START DATA TO EXAMINE

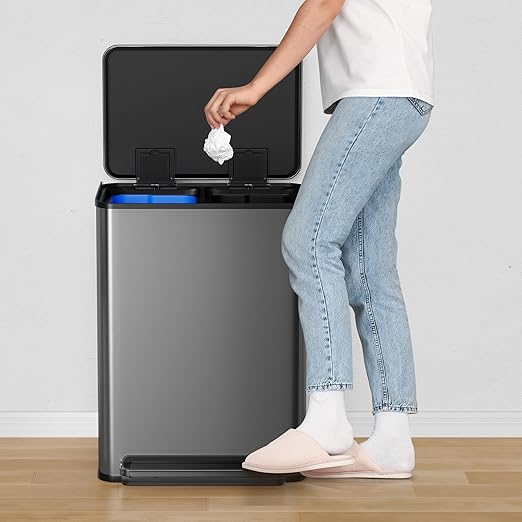 GarveeHome 60 L/16 gal Kitchen Trash Can, 2×8 gal Pedal Trash Bin - Image 3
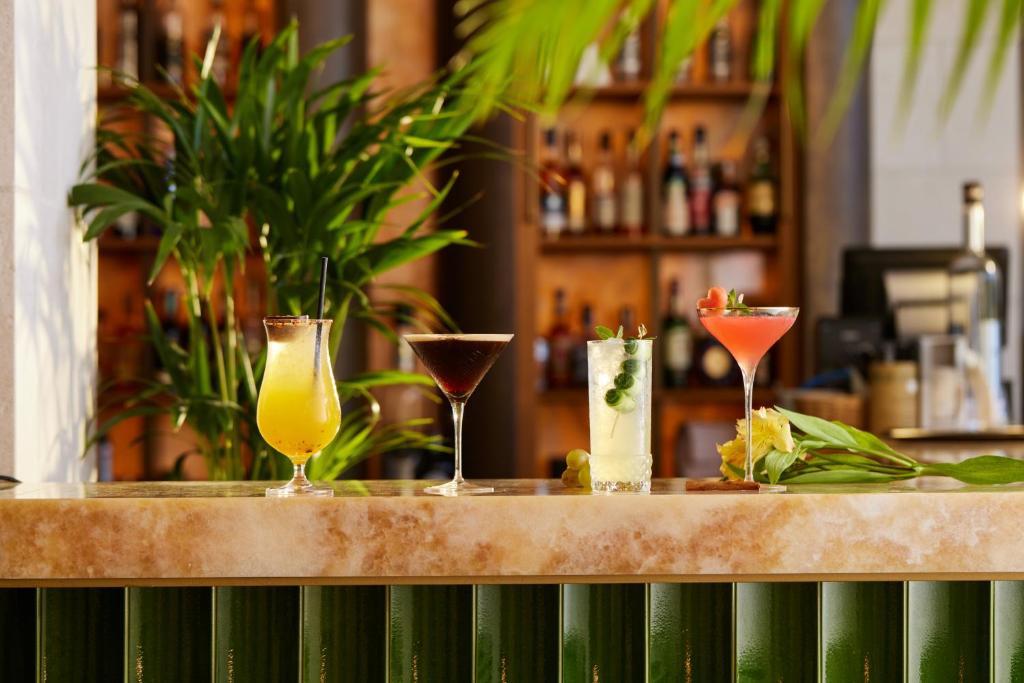 Četri krāsaini kokteiļi stāv uz bāra letes, fona veido zaļas palmas un plaukti ar alkoholiskajiem dzērieniem. Ideāls attēls vasaras ballītēm un kokteiļu baudīšanai.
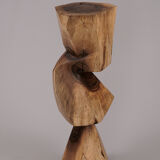 Solid wood sculptural side table, original contemporary design, logniture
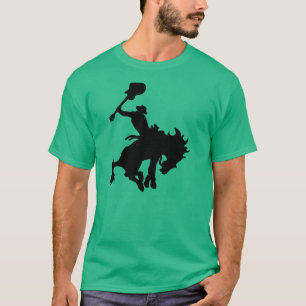 Cowboy för gitarrhjälterodeo på hästrygg t shirt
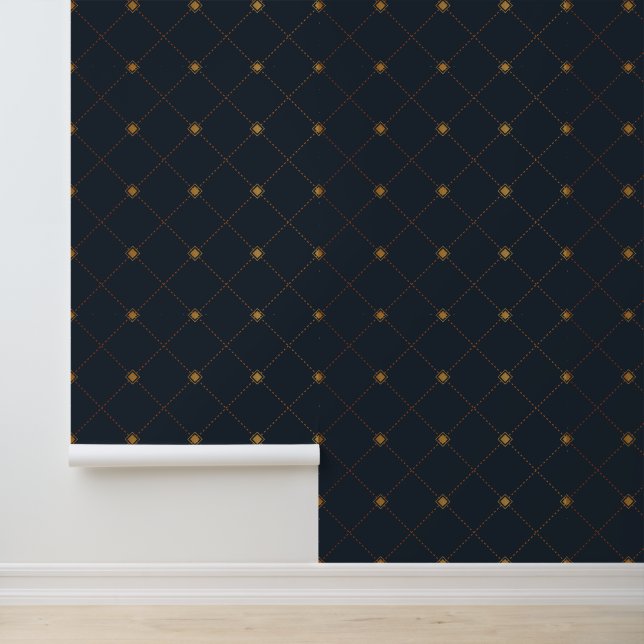 Gold Diamond Pattern Behang (Applicatie)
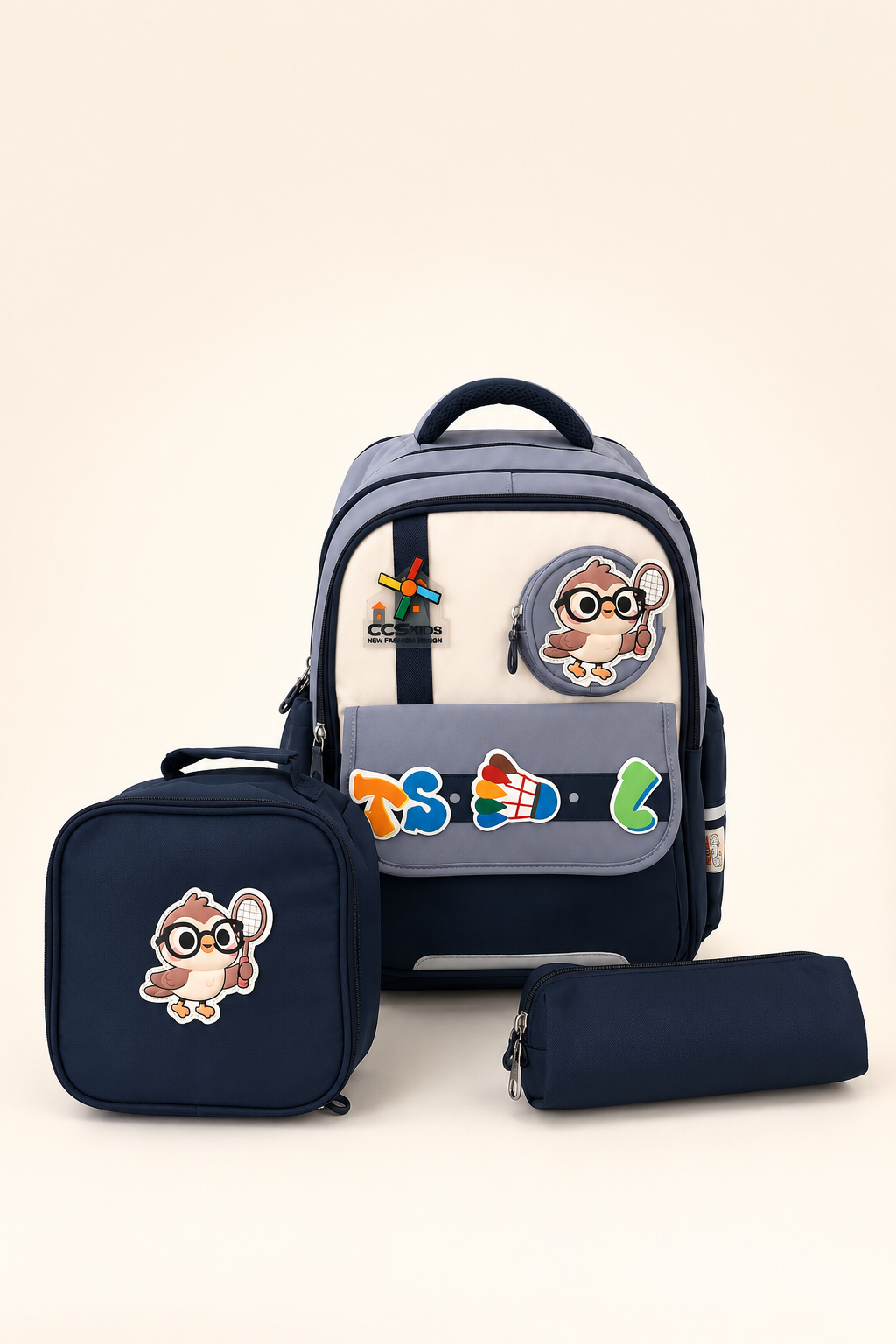 CCS Kids İlkokul Okul Çantası 3'lü Set Beslenme Çantası Kalemlik Ortopedik Geniş Hacim Lacivert Gri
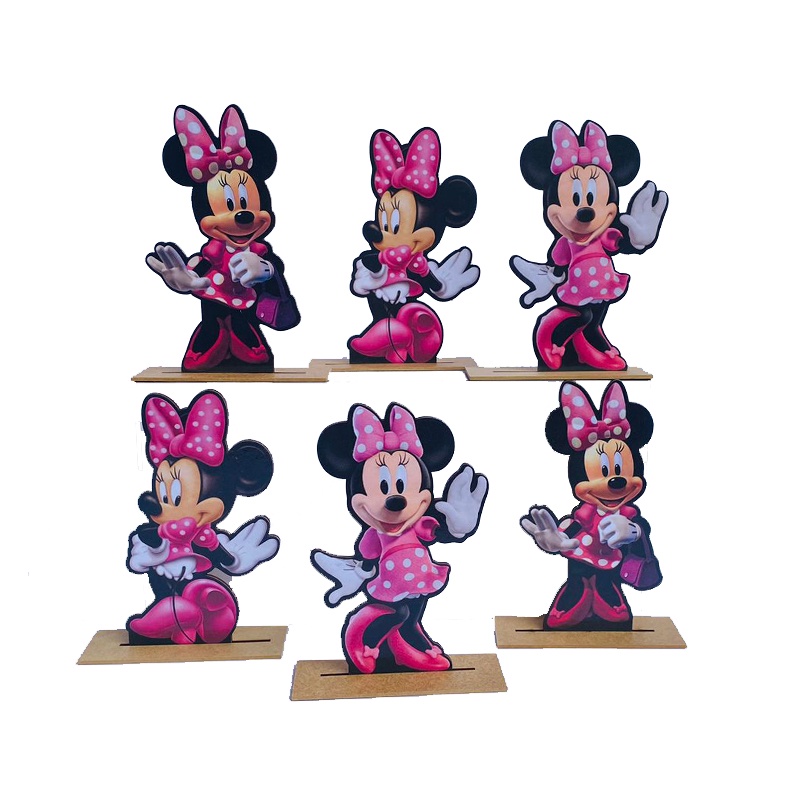 Kit Display de Mesa 6 Peças Para Festa Minnie Rosa MDF em Oferta na Shopee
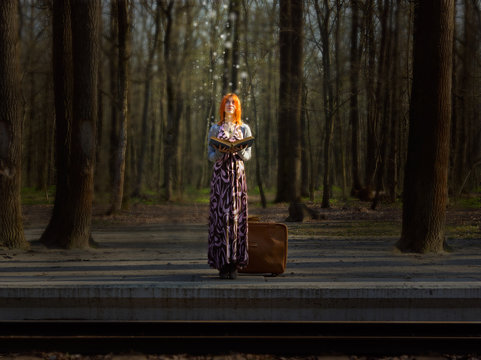 Fairy tale on railway station in the deep forest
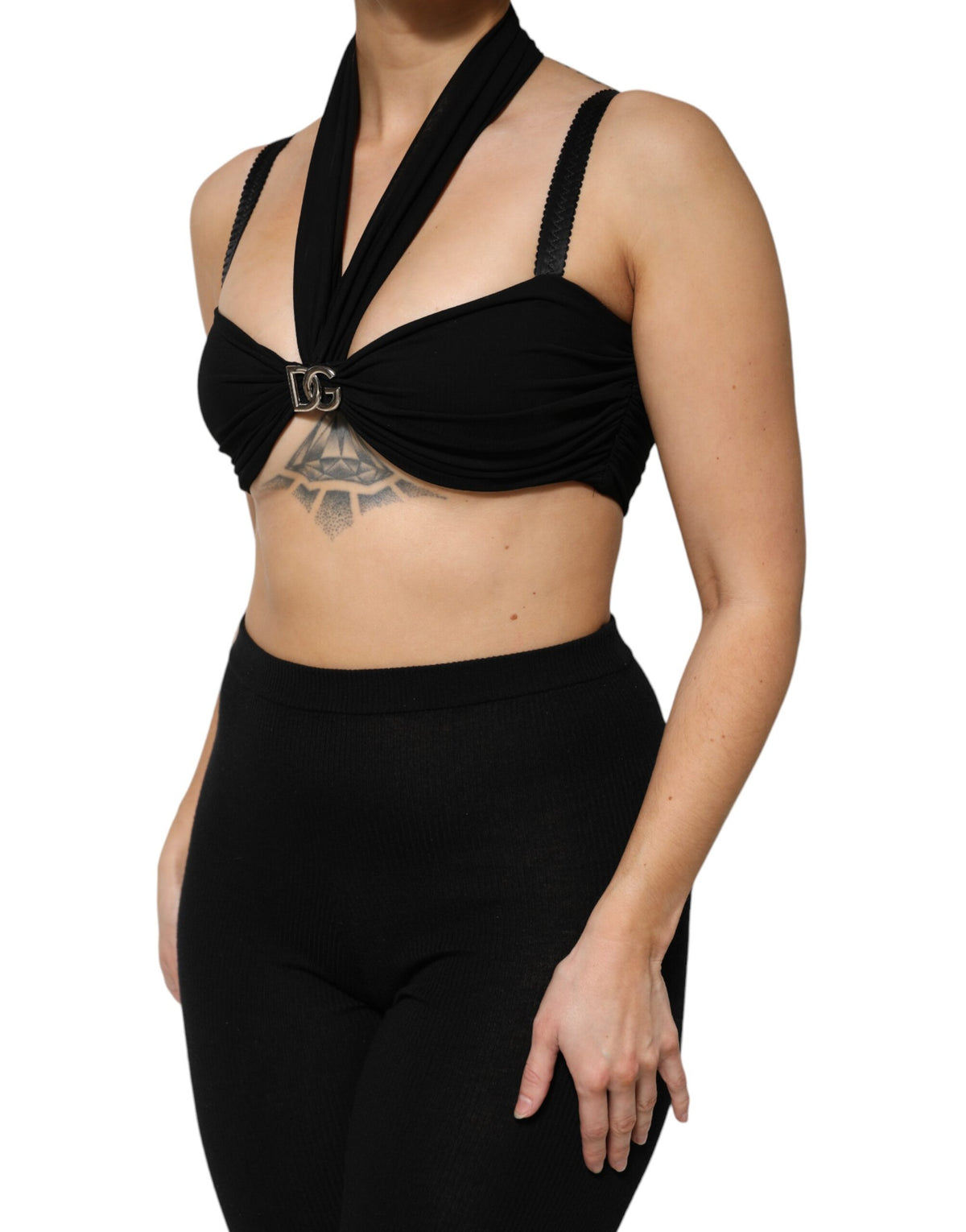 Dolce & Gabbana Schwarzes Cropped Viskose Halter Bustier Top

END DATA TO EXAMINE

TASK GOAL — The answer must consist solely of the lines from the first line of the records through the line containing "Gold Diamond Pattern Behang (Applicatie)", reproduced exactly and without the pictures.

ANSWER BOX —
 GarveeHome 60 L/16 gal Kitchen Trash Can, 2×8 gal Pedal Trash Bin - Image 3
 Četri krāsaini kokteiļi stāv uz bāra letes, fona veido zaļas palmas un plaukti ar alkoholiskajiem dzērieniem. Ideāls attēls vasaras ballītēm un kokteiļu baudīšanai.
 Solid wood sculptural side table, original contemporary design, logniture
 Cowboy för gitarrhjälterodeo på hästrygg t shirt
 Gold Diamond Pattern Behang (Applicatie)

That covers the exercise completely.